Before we dive in let us briefly look at the ground truth vector::
>>> hr_data_dict['target_names']
array(['fail', 'success'], dtype='>> hr_target = hr_data_dict['target']
>>> np.unique(hr_target)
array([0, 1])
Therefore, the target array has two possible values:
* ``0`` for a **fail**\ ed treatment and
* ``1`` for a **success**\ ful one.
Grouping the Data Set
=====================
In this section we will look into the distribution of the ground truth
(labeling) for sub-populations achieved by splitting the health records data
set based on the ``'gender'`` feature. To this end, let us use the data
grouping skills that we have learnt in the
:ref:`previous tutorial `::
>>> import fatf.utils.data.tools as fatf_data_tools
>>> gender_grouping = fatf_data_tools.group_by_column(hr_data, 'gender')
>>> gender_grouping[1]
["('female',)", "('male',)"]
>>> gender_grouping[0][0]
[0, 1, 2, 6, 9, 12, 13, 14, 16, 17, 18, 19]
>>> gender_grouping[0][1]
[3, 4, 5, 7, 8, 10, 11, 15, 20]
Therefore, the data points with indices
``[0, 1, 2, 6, 9, 12, 13, 14, 16, 17, 18, 19]`` are ``'female'``\ s and the
data points with indices ``[3, 4, 5, 7, 8, 10, 11, 15, 20]`` are ``'male'``\ s.
.. _tutorials_grouping_fairness_labelling_disparity:
Labelling Disparity
===================
Now that we have ``'gender'``\ -based grouping we can investigate how target
labels are distributed for different genders. To this end, we will use numpy's
:func:`numpy.unique` with the ``return_counts`` parameter set to ``True``::
>>> target_female = hr_target[gender_grouping[0][0]]
>>> target_female_counts = np.unique(target_female, return_counts=True)
>>> target_female_counts
(array([0, 1]), array([5, 7]))
Therefore, for ``'female'``\ s there are 5 whose treatment has *failed* and 7
whose treatment was successful. For ``'male'``\ s the distribution of can be
computed in the same way::
>>> target_male = hr_target[gender_grouping[0][1]]

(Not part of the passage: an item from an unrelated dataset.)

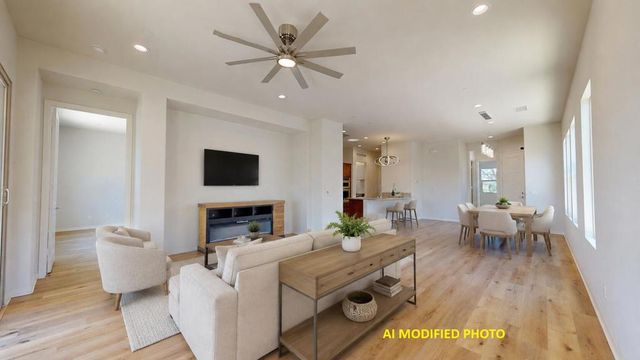 25 Pinot Noir, Rancho Mirage, CA 92270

>>> target_male_counts = np.unique(target_male, return_counts=True)
>>> target_male_counts
(array([0, 1]), array([5, 4]))
Therefore, for ``'male'``\ s there are 5 whose treatment has failed and 4 whose
treatment was successful.
These look quite similar for both genders, which means that failed and
successful treatments distribution are comparable, therefore none of the gender
groups is underrepresented. We hope for the sub-populations to be similarly
distributed as an underrepresented group may cause a model to be under-fitted
in this region therefore underperform for this gender sub-population. This,
in turn, may lead to this sub-population being treated unfairly.

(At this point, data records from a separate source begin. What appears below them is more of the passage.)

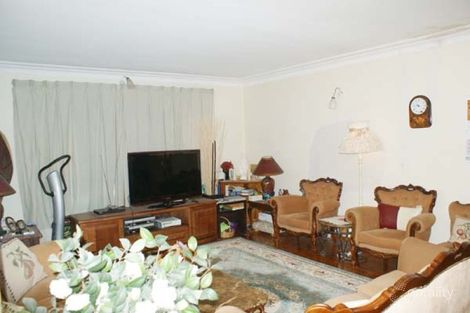 Property photo of 11 Dora Crescent Dundas NSW 2117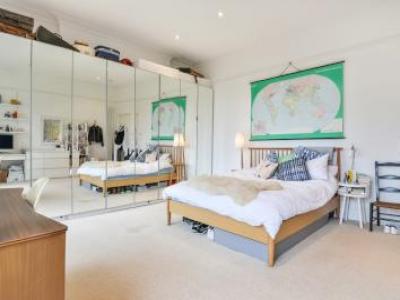 Location Appartement TUNBRIDGE-WELLS TN1 1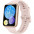 Смарт-часы Huawei Watch Fit 2 Sakura Pink (55028896)-0-изображение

For completeness, let us compare these ratios numerically. The ratios for
females are::
>>> female_fail_ratio = (
... target_female_counts[1][0] / target_female_counts[1].sum())
>>> female_fail_ratio
0.4166666666666667
>>> female_success_ratio = (
... target_female_counts[1][1] / target_female_counts[1].sum())
>>> female_success_ratio
0.5833333333333334
And, the ratios for males are::
>>> male_fail_ratio = (
... target_male_counts[1][0] / target_male_counts[1].sum())
>>> male_fail_ratio
0.5555555555555556
>>> male_success_ratio = (
... target_male_counts[1][1] / target_male_counts[1].sum())
>>> male_success_ratio
0.4444444444444444
Therefore, the biggest ratio differences are::
>>> abs(female_success_ratio - male_success_ratio)
0.13888888888888895
>>> abs(female_fail_ratio - male_fail_ratio)
0.1388888888888889
which are acceptable if we assume a threshold of ``0.2``.
.. _tutorials_grouping_fairness_model_disparity:
Predictive Disparity of a Model
===============================
Now, let us inspect group-based fairness of a predictive model. To this end, we
first need to train a model::
>>> import fatf.utils.models as fatf_models
>>> clf = fatf_models.KNN()
>>> clf.fit(hr_data, hr_target)
Next, we get the predictions for the training set::
>>> hr_predictions = clf.predict(hr_data)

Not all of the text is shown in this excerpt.